Material supplied -
════

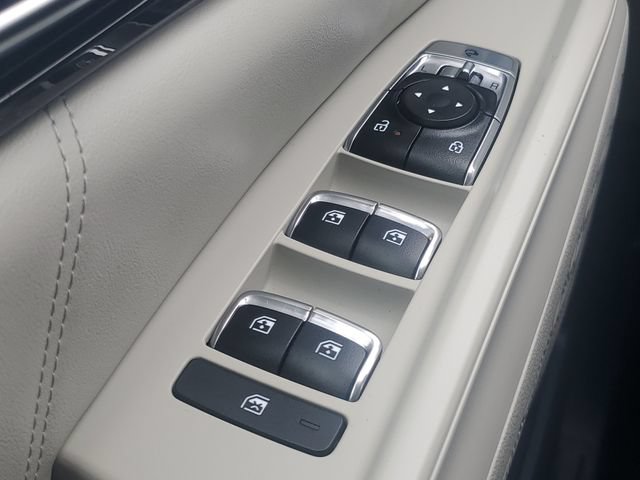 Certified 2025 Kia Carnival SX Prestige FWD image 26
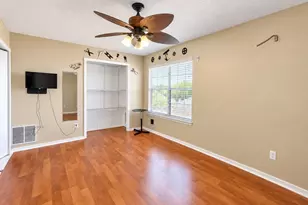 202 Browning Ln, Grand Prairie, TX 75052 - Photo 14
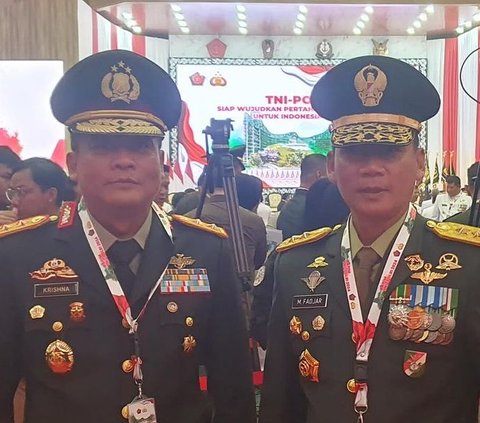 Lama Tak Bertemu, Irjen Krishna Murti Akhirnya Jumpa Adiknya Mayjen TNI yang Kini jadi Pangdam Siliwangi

════

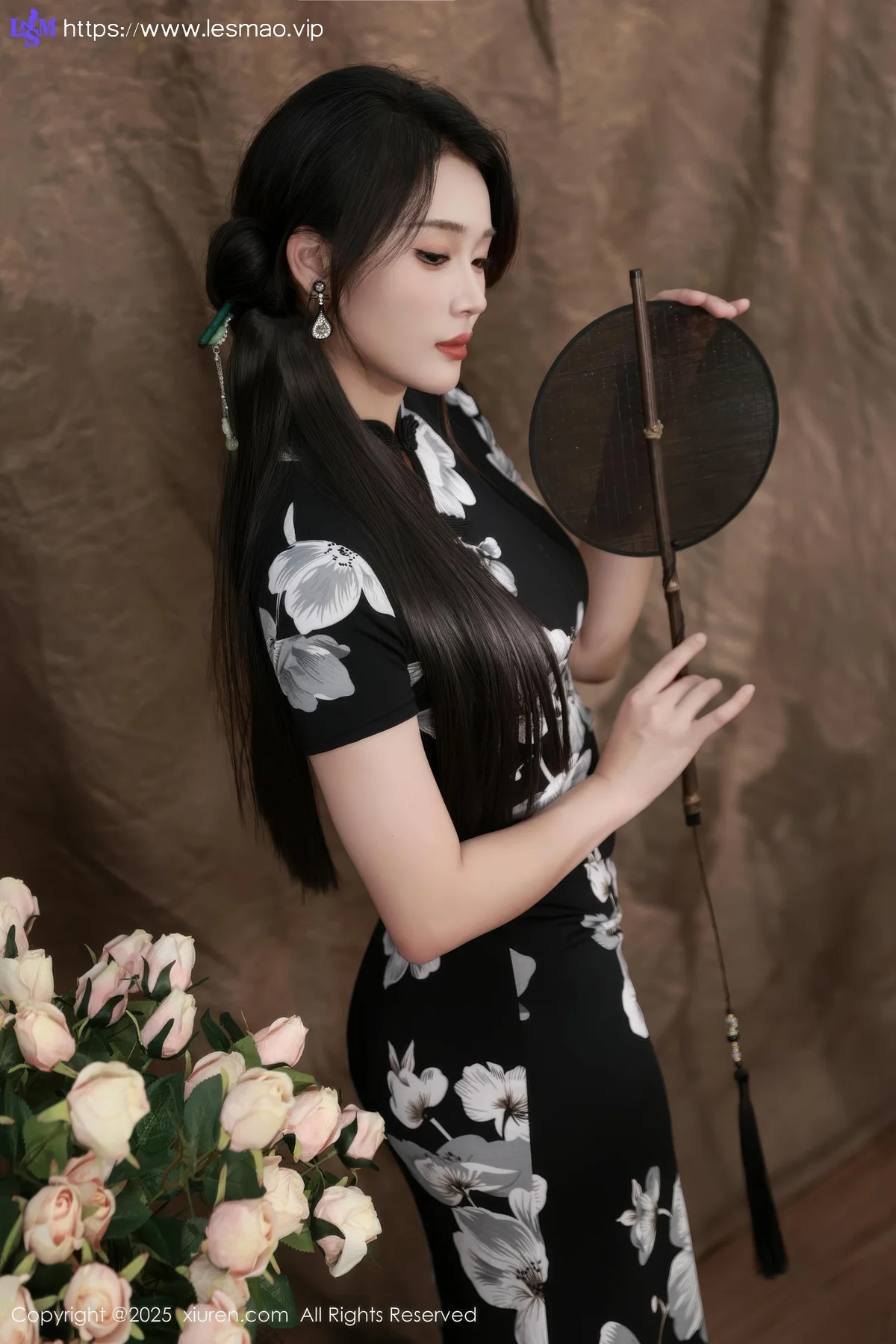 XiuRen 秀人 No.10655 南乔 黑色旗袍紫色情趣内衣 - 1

════

About this task -
Respond with the exact lines above running from the one containing "Certified 2025 Kia" to the one containing "Lama Tak Bertemu, Irjen", both ends kept and no pictures included.

Solution -
 Certified 2025 Kia Carnival SX Prestige FWD image 26
 202 Browning Ln, Grand Prairie, TX 75052 - Photo 14
 Lama Tak Bertemu, Irjen Krishna Murti Akhirnya Jumpa Adiknya Mayjen TNI yang Kini jadi Pangdam Siliwangi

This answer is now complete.